I saw some carpenters (?) doing tenant finish with what looked like a brand new rigid tile saw...and it was worse than your pic.


----------



## CO762 (Feb 22, 2010)

RossDesignBuild said:


> I just don't understand how you can be that bad.


some can and know it, some can and don't know it, owners can not know it or know it and not care.
I long ago stopped trying to help/educate people and just let the market give them what they want.


----------



## Texas Wax (Jan 16, 2012)

CO762 said:


> think again...it's all over the place.
> I saw some carpenters (?) doing tenant finish with what looked like a brand new rigid tile saw...and it was worse than your pic.


That being my point, they accept chit work. Schedule, cost... all make it easy to overlook the bad. This job as a whole, crosses, even that line.


----------



## CO762 (Feb 22, 2010)

Texas Wax said:


> That being my point, they accept chit work.
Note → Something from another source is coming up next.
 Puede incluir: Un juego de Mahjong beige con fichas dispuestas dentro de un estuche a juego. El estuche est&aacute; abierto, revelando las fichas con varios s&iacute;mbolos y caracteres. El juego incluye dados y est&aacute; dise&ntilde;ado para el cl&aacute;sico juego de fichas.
Schedule, cost... all make it easy to overlook the bad.


That's what I don't understand. Who is this "they"? On these commercial jobs, increase their holdbacks or some quality component into performance bonds? I can understand on large jobs where one can walk away and stick someone else to do the repairs, but clearly a lot of these hack and slaps aren't repairs.

So much I don't understand.


----------



## MarkJames (Nov 25, 2012)

CO762 said:


> That's what I don't understand. Who is this "they"? On these commercial jobs, increase their holdbacks or some quality component into performance bonds? I can understand on large jobs where one can walk away and stick someone else to do the repairs, but clearly a lot of these hack and slaps aren't repairs.
> 
> So much I don't understand.


Lack of effort on the client's part. Everybody's so busy that they just roll the dice with whomever them pick, then let it happen.
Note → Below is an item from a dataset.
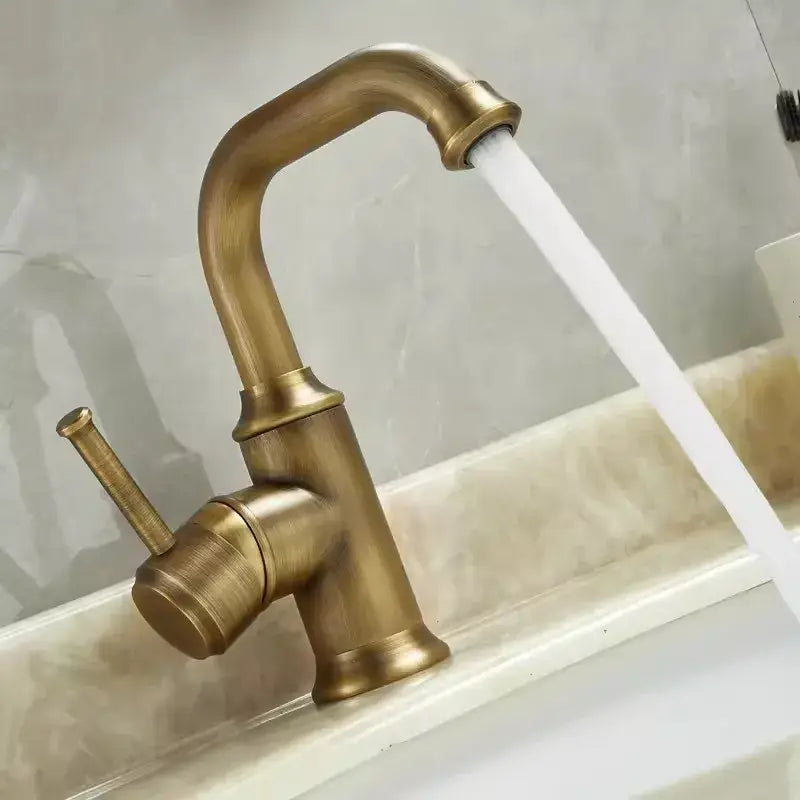 Antique brass basin faucet by decorbites featuring single handle, curved spout, and textured finish for bathroom use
I'm so sick of following up crap work, too. I just saw a 100k+ kitchen where some "10 Thumbs Harry" recaulked everywhere with about two tubes of almond silicone caulk all over sinks and backsplash...up to 1 1/2" wide on corners and the undermount bowls. Absolutely incredible.


----------



## CO762 (Feb 22, 2010)

MarkJames said:


> I'm so sick of following up crap work, too.


thus why I got out of the hack and slap "I can do tile" trade.


----------